State and Local Recovery Recommendations and Actions

State and Local Recovery Recommendations and Actions

Center for Financial Markets and COVID-19

Even before the current COVID-19 crisis, state and local government was already under fiscal stress—down 71,000 employees since January 2009 and $280 billion in lost funding since the 2008 crash. Now new estimates from the Center on Budget and Policy Priorities are predicting local and state deficits of $500 billion or more. Because the three million employees in the state and local economic sector are at the frontlines of short-term COVID-19 crisis management and essential to long-term economic recovery, we should all work to ensure that the economic stimulus package includes both short-term and long-term assistance for state and local governments. State and local communities will need ongoing support to maintain essential public services in the next six months and build a resilient recovery in the years after that utilize public-private partnerships.
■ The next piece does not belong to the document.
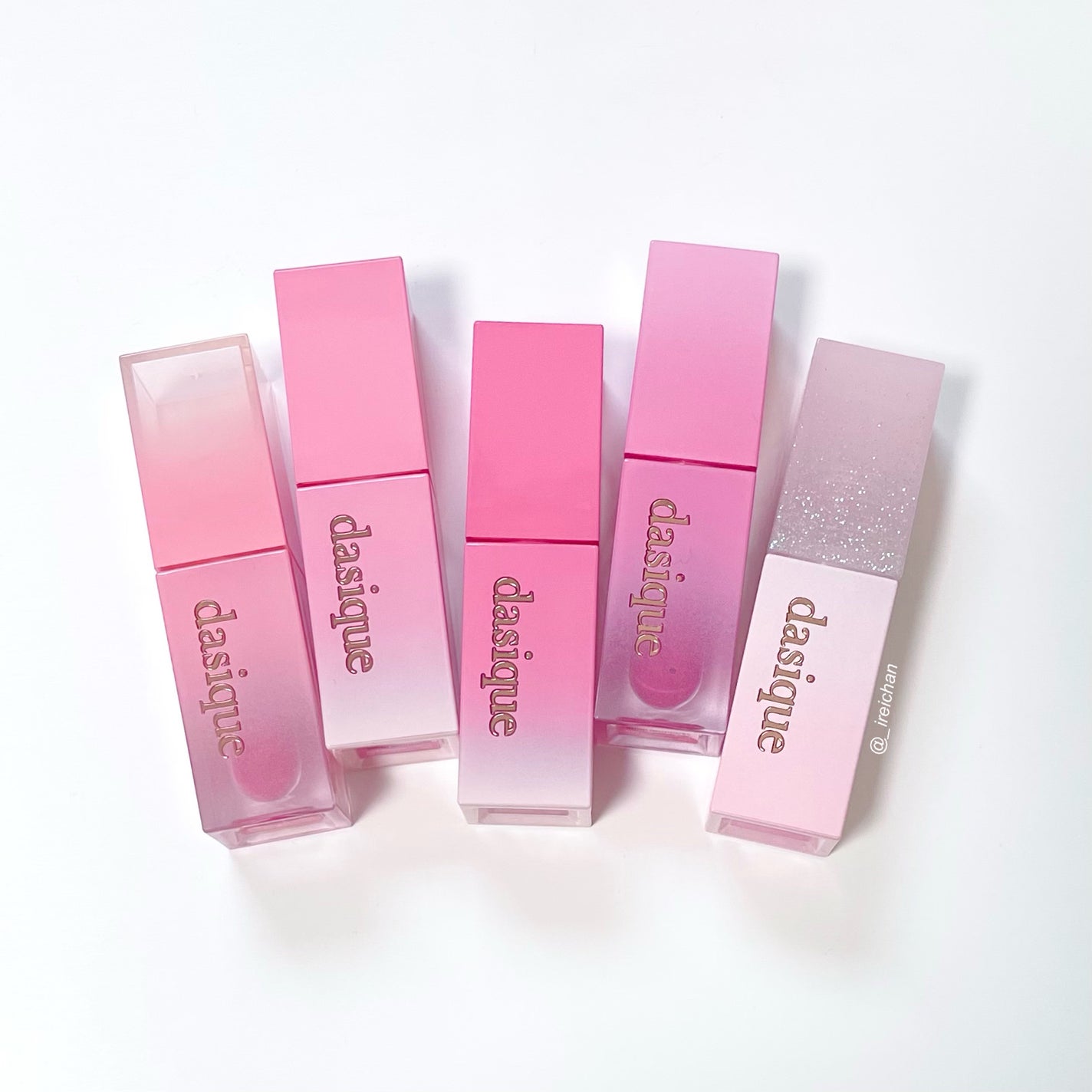 ジューシーデュイティント/dasique/リップティントを使ったクチコミ(2枚目)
  • Develop new revenue sharing strategies to support essential and sustainable public services. We are working with federal, state, and local leaders to ensure that any economic stimulus package includes targeted and flexible emergency assistance for state and local governments. This includes discussions about how a return to General Revenue Sharing (used from 1972-1986) could offer direct federal support to state and local governments with a greater deal of speed and flexibility than other available programs. This program could be managed directly by the US Treasury. We are also developing new options to ensure that the new Municipal Liquidity Facility managed by the Federal Reserve offers equitable re-financing access to smaller and medium-sized cities and counties.

  • Create a public-private community solutions team at the Treasury Department to support long-term recovery through financial innovation. To build a foundation for long-term economic recovery, CFM is working to lift up the importance of capacity-building incentives to stretch public investment impact using public-private partnerships. Recognizing that this funding gap would affect essential public services and distressed communities during the next recession, CFM created a new public sector financial innovation practice area in 2019 to develop action-oriented research, trainings, and policy development to help communities learn how to better leverage public investment through public-private partnerships, impact capital, and Opportunity Zones (OZs).

  • Release a comprehensive local economic development playbook to help train public sector leaders on how to leverage public investment dollars and build economic resilience. CFM will soon publish an economic resilience playbook to help local leaders leverage public investment to maximum effect using best practices in procurement, economic development and the use of public-private partnerships.